* _What you are asked to do_:
Search term "After": please copy every line of the records below that contains it.

(Stored data entries)
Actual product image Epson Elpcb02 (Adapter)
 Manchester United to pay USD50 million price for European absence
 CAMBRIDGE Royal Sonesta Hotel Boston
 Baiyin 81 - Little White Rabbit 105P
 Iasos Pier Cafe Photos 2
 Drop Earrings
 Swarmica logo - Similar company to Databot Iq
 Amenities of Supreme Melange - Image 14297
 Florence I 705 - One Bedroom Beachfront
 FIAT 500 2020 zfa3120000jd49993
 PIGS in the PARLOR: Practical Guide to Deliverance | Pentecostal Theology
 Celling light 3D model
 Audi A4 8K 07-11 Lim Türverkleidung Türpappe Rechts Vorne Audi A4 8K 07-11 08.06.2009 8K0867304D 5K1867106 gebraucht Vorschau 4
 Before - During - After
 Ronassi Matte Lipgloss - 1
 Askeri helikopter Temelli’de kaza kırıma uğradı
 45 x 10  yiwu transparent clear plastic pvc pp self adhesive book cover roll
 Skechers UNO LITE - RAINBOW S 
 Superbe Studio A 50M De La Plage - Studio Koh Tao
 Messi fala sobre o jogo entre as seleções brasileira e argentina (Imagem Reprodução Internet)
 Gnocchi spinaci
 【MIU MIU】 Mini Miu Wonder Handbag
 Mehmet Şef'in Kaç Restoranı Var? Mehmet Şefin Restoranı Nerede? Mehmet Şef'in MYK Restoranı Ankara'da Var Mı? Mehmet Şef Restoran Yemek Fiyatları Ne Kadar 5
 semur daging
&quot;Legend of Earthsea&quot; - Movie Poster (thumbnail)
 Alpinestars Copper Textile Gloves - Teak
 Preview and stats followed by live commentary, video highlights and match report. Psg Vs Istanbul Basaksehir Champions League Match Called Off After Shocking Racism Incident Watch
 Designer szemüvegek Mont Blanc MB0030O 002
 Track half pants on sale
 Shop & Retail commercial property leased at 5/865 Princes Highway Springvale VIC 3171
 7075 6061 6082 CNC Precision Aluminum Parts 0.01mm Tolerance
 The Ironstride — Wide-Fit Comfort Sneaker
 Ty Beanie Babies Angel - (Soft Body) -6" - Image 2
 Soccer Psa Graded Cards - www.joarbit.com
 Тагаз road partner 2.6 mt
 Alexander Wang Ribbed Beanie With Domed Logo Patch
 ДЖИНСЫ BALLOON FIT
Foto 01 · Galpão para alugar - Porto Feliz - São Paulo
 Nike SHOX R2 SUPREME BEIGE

* _Task result_:
 Before - During - After
 Preview and stats followed by live commentary, video highlights and match report. Psg Vs Istanbul Basaksehir Champions League Match Called Off After Shocking Racism Incident Watch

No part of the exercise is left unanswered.